The Reimbursement Unit claim was basically the company’s fraudulent prescription approval factory, which helped participating doctors process claims (the doctors had so many they couldn’t handle them all). The unit falsified records to show patients had cancer and called insurers, pretending to be patients or other medical professionals, to facilitate approval of payment for off-label treatment.

This is the Unit’s script for obtaining off-label approval (taken from the Anthem suit):

The script read: “The physician is aware that the medication is intended for the management of breakthrough pain in cancer patients. The physician is treating the patient for their pain (or breakthrough pain, whichever is applicable).” The script deliberately omitted the word “cancer as applied to the patient treatment under discussion.”
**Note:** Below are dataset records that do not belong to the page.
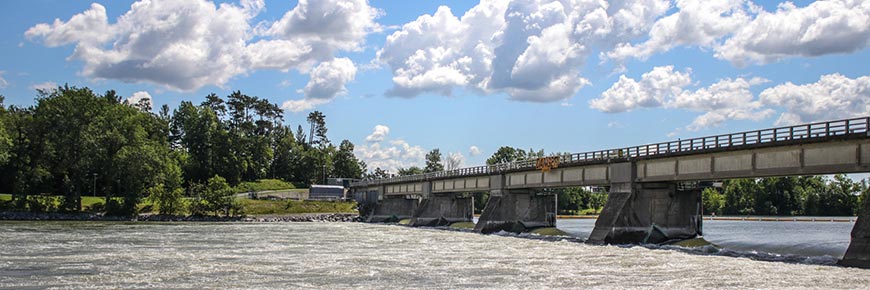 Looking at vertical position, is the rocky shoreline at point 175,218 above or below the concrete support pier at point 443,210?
below

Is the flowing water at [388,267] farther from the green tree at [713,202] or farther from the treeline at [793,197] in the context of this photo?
the green tree at [713,202]

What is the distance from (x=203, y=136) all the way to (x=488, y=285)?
5846 inches

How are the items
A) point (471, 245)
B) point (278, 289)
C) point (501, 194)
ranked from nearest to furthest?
point (278, 289) → point (471, 245) → point (501, 194)

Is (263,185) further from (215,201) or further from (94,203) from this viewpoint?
(94,203)

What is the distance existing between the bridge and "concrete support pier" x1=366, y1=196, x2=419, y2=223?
20.8m

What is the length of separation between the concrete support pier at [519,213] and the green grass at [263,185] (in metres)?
88.8

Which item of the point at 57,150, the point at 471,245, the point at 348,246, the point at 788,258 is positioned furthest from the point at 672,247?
the point at 57,150

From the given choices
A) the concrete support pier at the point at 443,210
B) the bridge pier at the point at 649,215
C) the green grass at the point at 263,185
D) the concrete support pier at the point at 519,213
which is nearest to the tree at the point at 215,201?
the green grass at the point at 263,185

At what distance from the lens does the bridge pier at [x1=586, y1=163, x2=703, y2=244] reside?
5681cm

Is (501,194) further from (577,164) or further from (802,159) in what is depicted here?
(802,159)

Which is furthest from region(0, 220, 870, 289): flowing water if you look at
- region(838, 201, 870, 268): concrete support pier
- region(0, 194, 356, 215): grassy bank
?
region(0, 194, 356, 215): grassy bank

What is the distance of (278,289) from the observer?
2805 cm

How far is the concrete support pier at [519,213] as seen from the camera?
79.5 metres

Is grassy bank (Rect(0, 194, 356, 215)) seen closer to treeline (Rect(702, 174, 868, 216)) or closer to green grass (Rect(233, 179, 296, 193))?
→ green grass (Rect(233, 179, 296, 193)) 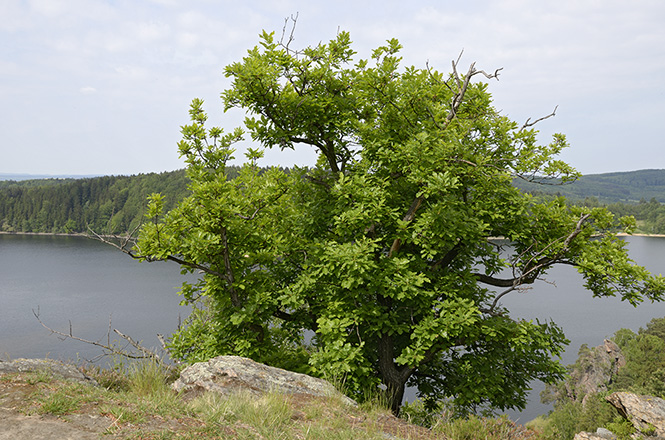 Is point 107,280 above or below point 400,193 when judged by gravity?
below

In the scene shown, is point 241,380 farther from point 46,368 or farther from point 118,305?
point 118,305

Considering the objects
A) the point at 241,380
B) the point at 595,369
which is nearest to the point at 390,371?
the point at 241,380

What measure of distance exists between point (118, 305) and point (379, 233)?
59.5m

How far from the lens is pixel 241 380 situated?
7039 mm

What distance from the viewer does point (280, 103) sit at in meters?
11.2

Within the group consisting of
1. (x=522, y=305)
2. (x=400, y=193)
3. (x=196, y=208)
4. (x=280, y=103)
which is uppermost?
(x=280, y=103)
Prosecutors also said that two former Insys employees who were first charged in 2016 in connection with the scheme, Jonathan Roper and Fernando Serrano, had secretly pleaded guilty and become cooperating witnesses. The five doctors were arrested last Friday morning and face charges including that they violated the federal anti-kickback law and conspired to commit fraud.
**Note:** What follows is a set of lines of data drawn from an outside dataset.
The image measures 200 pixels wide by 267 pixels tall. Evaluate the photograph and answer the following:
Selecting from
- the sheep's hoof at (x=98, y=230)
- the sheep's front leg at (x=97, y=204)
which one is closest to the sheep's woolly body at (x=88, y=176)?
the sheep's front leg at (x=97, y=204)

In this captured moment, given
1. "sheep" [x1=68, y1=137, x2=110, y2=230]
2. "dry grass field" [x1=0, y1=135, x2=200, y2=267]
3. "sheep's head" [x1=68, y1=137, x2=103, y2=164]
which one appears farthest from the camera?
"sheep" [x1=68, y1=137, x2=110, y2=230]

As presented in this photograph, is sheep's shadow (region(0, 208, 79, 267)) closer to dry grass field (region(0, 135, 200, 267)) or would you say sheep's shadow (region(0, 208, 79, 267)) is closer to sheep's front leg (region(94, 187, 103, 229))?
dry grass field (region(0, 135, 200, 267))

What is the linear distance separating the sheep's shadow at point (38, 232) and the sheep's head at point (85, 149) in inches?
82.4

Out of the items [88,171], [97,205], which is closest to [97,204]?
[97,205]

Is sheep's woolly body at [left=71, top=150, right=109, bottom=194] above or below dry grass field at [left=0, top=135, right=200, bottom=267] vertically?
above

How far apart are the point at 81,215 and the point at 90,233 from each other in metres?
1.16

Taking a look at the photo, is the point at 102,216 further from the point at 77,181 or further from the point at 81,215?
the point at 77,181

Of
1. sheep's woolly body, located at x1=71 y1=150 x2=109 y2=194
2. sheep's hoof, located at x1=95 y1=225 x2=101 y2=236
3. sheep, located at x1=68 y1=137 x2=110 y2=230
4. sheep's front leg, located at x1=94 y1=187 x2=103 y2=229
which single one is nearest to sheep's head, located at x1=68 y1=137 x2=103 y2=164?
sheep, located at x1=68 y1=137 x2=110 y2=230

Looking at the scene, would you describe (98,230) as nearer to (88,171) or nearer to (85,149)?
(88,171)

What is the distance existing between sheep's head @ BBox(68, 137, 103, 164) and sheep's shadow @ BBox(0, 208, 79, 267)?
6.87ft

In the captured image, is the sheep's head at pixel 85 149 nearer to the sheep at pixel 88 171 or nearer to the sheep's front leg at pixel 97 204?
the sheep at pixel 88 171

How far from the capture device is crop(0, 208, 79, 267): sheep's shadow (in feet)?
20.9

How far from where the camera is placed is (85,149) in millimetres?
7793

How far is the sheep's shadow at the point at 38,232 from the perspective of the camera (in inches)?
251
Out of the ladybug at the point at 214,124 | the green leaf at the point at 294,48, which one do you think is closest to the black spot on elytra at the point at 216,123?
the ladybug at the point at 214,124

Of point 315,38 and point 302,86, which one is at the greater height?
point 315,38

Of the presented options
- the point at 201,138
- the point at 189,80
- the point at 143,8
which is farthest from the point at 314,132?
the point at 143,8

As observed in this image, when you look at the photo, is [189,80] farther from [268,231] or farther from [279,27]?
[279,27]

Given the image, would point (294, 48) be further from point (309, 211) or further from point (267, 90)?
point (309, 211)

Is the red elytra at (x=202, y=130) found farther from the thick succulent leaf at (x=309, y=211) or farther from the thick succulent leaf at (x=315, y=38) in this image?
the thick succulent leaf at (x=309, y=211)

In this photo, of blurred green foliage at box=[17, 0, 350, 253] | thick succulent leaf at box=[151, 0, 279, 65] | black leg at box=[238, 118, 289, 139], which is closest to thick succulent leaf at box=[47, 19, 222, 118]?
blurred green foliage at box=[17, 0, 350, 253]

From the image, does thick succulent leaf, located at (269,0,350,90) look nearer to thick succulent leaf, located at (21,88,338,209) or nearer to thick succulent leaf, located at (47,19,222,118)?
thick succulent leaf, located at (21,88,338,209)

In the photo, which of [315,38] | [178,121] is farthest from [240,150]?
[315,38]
INSYS RX ABUSES WERE BLATANT

The case is the latest in a series of medical practitioners and former Insys executives and employees facing criminal charges related to Subsys, the company’s potentially addictive fentanyl-based spray.

Federal prosecutors in Boston are moving forward aggressively against the seven former Insys executives and managers as well billionaire founder John Kapoor, all accused of actively designing and participating in the scheme to bribe doctors to prescribe Subsys and to defraud insurers into paying for it. Insys has said it may need to pay at least $150 million towards part of a settlement with the U.S. Justice Department as well as numerous other state investigations around the country, not to mention the civil complaints filed against the company in the Opiate Prescription MDL 2804, see OPIOID-CRISIS-BRIEFCASE-INCLUDING-MDL-2804-OPIATE-PRESCRIPTION-LITIGATION, where the Insys sales and marketing tactics are listed as prime examples of boardroom designed “profits over patients” policies are cited.

 

Insys is joined in the massive Federal Opioid MDL 2804, by other Big Pharma defendants including Purdue Pharmaceuticals, Endo Health, J&J’s Janssen Pharmaceutical and other opioid manufacturers who were allowed to place profits over patients for more than 15 years, while earning billions in profits.

UNETHICAL SALES TACTICS

According to the most recent and prior doctor indictments, the physicians have participated in Insys’ speaker programs, which were in reality social gatherings at high-end restaurants. They earned kickbacks ranging from $68,000 and $308,000 and were among the top 20 prescribers of Subsys nationwide at some point during the marketing campaign. A few doctors indicted as far back as late 2016 have already been sentenced to federal prison terms up to 20 years and forfeit of millions of dollars in assets. The Insys marketing tactics included trips with doctors to strip clubs with Insys sales managers; and often with Insys executives, where they covered lap dances and drinks which on one trip ran up a tab of over $4,100 which was apparently enough to convince physicians to write massive numbers of off-label fentanyl prescriptions.